La voiture de fonction électrique : définition et enjeux RH

Une voiture de fonction est un véhicule appartenant à l’entreprise (ou pris en LLD/crédit-bail) mis à la disposition permanente d’un salarié, y compris pour ses déplacements personnels. Dès lors que le salarié peut utiliser le véhicule en dehors du temps de travail, la mise à disposition constitue un avantage en nature soumis à cotisations sociales et à imposition sur le revenu du salarié.

Historiquement, cet avantage en nature était calculé de façon forfaitaire ou au réel selon les coûts supportés par l’employeur. Pour les véhicules électriques, des règles dérogatoires favorables ont été introduites et prolongées jusqu’en 2027, rendant la voiture de fonction électrique structurellement moins coûteuse en charges sociales que son équivalent thermique.

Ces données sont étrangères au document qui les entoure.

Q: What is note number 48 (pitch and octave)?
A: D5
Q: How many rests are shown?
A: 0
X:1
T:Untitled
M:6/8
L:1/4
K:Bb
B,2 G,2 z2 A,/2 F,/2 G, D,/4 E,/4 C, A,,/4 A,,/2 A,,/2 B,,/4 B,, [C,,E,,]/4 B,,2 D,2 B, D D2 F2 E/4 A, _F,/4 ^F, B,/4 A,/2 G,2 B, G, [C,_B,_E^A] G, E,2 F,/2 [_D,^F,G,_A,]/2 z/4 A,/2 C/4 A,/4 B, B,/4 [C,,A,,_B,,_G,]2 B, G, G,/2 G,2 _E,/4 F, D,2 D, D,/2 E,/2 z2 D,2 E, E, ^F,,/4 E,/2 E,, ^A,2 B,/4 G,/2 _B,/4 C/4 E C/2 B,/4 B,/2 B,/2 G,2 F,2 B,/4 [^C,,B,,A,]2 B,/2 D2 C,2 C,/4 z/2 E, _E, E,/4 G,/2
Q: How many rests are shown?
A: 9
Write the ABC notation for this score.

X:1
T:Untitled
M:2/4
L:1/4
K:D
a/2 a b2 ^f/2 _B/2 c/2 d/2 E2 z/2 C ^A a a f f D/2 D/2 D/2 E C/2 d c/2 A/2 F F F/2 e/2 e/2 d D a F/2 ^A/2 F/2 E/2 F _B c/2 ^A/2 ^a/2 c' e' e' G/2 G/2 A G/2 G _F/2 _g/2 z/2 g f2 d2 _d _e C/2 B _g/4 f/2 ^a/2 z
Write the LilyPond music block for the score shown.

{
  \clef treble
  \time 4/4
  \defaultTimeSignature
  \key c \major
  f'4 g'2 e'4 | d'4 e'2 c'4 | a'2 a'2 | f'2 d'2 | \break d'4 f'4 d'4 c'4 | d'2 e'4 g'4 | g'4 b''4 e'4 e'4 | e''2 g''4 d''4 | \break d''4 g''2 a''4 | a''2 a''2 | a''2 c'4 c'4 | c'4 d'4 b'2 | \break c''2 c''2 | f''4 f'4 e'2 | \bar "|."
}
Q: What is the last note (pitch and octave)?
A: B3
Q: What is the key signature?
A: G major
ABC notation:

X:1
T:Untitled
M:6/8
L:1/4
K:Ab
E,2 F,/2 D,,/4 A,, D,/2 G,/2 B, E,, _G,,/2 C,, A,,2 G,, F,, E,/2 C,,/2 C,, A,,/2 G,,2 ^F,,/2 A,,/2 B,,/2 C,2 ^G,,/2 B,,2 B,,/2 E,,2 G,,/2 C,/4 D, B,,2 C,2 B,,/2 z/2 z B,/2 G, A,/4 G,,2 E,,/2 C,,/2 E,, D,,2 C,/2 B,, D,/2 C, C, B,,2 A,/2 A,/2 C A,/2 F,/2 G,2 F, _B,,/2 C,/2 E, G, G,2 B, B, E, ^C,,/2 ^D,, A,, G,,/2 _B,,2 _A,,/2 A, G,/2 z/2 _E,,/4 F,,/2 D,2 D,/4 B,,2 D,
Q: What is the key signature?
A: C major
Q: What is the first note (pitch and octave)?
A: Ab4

L’enjeu RH est double : attirer des collaborateurs avec un package attrayant, et contenir le coût total du véhicule de fonction dans le cadre de la transition énergétique imposée par la loi d’orientation des mobilités. Les entreprises de plus de 100 véhicules sont d’ailleurs soumises à des quotas d’acquisition de véhicules à faibles émissions lors du renouvellement de flotte.

Calcul de l’avantage en nature en 2026 : le régime favorable pour les VE

Pour les véhicules électriques mis à disposition entre le 1er février 2025 et le 31 décembre 2027, le calcul de l’avantage en nature bénéficie d’un abattement de 70 % sur la valeur évaluée selon la méthode forfaitaire, dans la limite de 4 582 € par an (valeur 2026).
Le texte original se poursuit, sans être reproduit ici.